Weather conditions are among the predominant factors that affect electrical power consumption, and are therefore used as predictors in short-term load forecasting (the weather variables are used differently in long term load forecasting, since many important weather variables are hard to be predicted beyond two weeks). Large penetration of solar generation at the distribution network has created new challenges for load forecasting, as the negative load from distributed energy sources has to be taken into account. This has created the need to incorporate additional weather factors such as light intensity or cloud coverage to accommodate for these effects and divert away from the traditional load forecasting models that used only temperatures or humidity.

Thus weather forecasts are directly linked with energy load forecasts and the accuracy of the first affects the later. It is therefore important for the load forecast to be provided with reliable weather forecasts, as detailed as possible (e.g. hourly) updated frequently throughout the day to further increase their accuracy.

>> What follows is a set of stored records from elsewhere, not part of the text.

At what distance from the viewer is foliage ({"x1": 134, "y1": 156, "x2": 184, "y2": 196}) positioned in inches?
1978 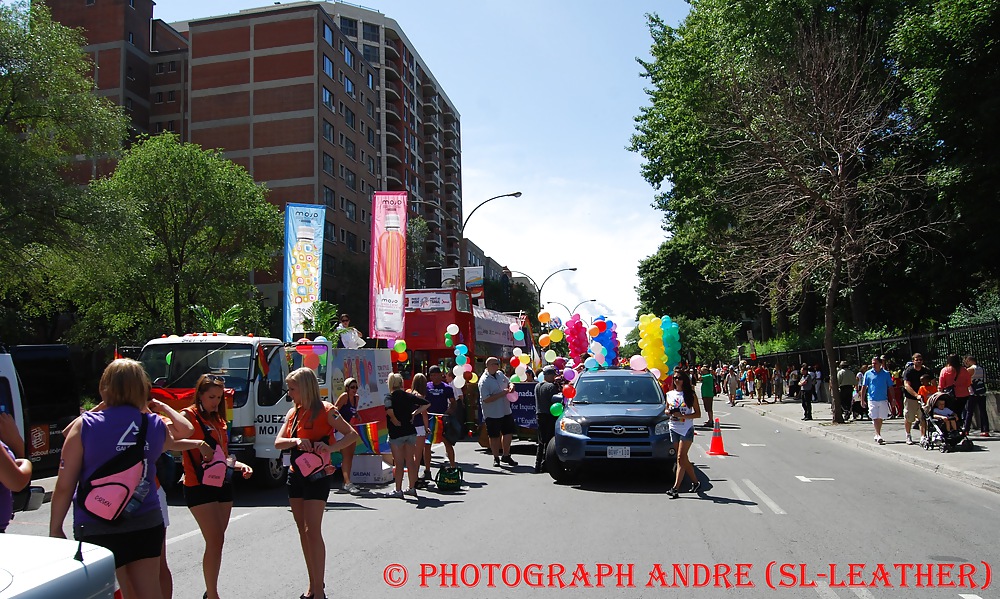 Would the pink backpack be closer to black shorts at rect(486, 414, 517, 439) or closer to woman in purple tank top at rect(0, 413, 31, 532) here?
woman in purple tank top at rect(0, 413, 31, 532)

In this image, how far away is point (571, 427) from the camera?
11164 mm

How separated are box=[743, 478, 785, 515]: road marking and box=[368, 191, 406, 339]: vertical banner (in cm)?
984

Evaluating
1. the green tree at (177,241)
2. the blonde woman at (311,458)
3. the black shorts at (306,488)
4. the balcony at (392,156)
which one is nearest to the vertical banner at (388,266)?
the blonde woman at (311,458)

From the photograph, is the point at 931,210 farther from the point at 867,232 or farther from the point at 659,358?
the point at 659,358

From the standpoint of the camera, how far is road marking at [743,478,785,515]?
357 inches

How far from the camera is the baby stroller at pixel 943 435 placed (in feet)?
46.2

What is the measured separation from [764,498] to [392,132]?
234 ft

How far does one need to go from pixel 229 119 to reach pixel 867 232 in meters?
47.7

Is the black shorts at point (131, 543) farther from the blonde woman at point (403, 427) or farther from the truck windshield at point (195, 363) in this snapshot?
the truck windshield at point (195, 363)

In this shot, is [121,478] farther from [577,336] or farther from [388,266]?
[577,336]

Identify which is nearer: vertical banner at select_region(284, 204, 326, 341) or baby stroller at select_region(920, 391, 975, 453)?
baby stroller at select_region(920, 391, 975, 453)

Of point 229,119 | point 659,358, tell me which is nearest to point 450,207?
point 229,119

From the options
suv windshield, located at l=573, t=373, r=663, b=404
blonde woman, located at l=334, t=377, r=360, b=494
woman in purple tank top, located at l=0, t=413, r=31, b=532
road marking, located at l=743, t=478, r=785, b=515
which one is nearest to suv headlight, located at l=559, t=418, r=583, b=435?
suv windshield, located at l=573, t=373, r=663, b=404

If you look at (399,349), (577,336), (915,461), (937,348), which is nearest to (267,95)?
(577,336) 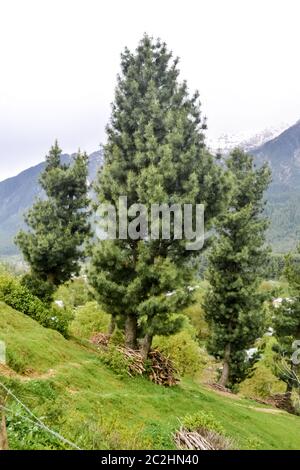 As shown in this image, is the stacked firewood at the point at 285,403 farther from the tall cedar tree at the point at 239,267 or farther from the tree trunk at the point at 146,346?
the tree trunk at the point at 146,346

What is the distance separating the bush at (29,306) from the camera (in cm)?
2522

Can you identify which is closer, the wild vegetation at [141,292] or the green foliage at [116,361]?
the wild vegetation at [141,292]

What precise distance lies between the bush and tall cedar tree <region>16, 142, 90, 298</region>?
5234mm

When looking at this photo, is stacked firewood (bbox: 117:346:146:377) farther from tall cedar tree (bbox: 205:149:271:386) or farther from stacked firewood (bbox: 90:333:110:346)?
tall cedar tree (bbox: 205:149:271:386)

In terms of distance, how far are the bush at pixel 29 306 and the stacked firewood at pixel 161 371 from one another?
5.56 meters

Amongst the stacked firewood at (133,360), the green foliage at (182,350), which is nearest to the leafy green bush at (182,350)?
the green foliage at (182,350)

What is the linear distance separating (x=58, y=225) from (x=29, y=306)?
329 inches

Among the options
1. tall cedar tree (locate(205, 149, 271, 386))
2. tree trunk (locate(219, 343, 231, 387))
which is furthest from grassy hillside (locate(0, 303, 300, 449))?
tree trunk (locate(219, 343, 231, 387))

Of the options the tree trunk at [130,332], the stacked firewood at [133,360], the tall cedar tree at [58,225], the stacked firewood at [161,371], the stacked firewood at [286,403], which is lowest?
the stacked firewood at [286,403]

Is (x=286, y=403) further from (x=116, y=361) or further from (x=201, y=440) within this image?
(x=201, y=440)

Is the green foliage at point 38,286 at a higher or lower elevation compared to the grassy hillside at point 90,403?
higher

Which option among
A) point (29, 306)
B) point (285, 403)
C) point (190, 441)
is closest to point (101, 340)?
point (29, 306)

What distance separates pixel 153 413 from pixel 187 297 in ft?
21.6

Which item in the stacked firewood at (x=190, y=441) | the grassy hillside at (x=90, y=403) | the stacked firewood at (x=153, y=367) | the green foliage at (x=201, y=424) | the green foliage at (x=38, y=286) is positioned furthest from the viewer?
the green foliage at (x=38, y=286) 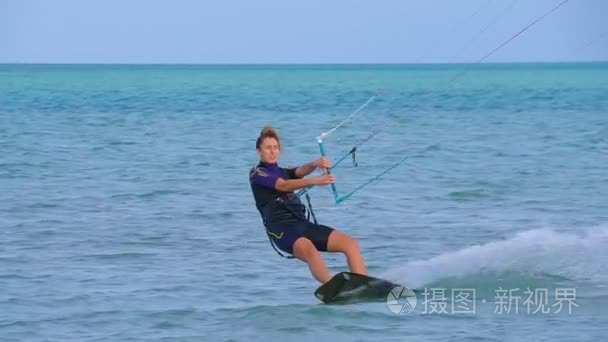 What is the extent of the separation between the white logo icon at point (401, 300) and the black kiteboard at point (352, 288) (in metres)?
0.05

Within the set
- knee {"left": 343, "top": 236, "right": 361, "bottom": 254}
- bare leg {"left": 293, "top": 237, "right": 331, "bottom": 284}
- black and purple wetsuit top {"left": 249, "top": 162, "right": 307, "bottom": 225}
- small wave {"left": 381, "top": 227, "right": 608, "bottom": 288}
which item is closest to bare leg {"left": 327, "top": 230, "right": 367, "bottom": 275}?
knee {"left": 343, "top": 236, "right": 361, "bottom": 254}

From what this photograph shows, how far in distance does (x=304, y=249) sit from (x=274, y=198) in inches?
17.1

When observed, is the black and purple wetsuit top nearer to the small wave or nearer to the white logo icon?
the white logo icon

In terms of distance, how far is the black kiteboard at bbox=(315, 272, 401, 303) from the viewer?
31.3 feet

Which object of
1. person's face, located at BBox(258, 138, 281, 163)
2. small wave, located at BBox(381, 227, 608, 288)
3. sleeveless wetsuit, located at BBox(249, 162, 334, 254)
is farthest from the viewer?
small wave, located at BBox(381, 227, 608, 288)

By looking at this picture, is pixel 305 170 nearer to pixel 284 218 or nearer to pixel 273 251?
pixel 284 218

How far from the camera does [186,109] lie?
52.2 m

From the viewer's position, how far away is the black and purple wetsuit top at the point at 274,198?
31.0 feet

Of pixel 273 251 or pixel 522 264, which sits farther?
pixel 273 251

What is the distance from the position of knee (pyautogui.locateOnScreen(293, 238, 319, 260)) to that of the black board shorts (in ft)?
0.13

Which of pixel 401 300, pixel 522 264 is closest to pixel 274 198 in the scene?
pixel 401 300

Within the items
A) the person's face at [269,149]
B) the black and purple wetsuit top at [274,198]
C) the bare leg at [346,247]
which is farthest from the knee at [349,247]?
the person's face at [269,149]

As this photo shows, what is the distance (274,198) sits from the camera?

The requirement for a “new” weather forecast

There are four factors that drive the upgrade and reengineering of the requirement according to a new weather forecast engine:

  1. The large penetration of solar energy sources both at the system and the distribution. The light intensity measures that are currently available for four areas in Greece, used by the solar energy prediction model are not sufficient to capture the dispersed nature of solar production.
  2. The need for a realistic, accurate and integrated consideration in the forecast of all renewable sources, so that, together with the production by the conventional units the actual load demand can be forecasted.
  3. Upcoming amendments in the Greek Grid and Exchange Code will require renewable sources to participate in the electricity market. This has significant effects in the load forecast as the power produced by these sources will no longer be treated as negative load.
  4. ADMIE recently implemented a new EMS, which provides a Load Forecast module, the specifications of which required weather variables that were, at the time, not available.

The aforementioned factors imposed ADMIE to proceed with a tender in order to purchase a weather forecast service that would provide a reliable and unified weather data source to cope with the new requirements.

Ex Machina – IBM Partnership

IBM partnered with Ex Machina in order to provide the best possible solution available as per ADMIE’s requirements. For this solution EXM contributed its expertise and experience in the weather forecasting data analytics, combined with the deep knowledge of PaaS related cloud infrastructure.

The provided solution is Weather Ex Machina over Bluemix cloud services.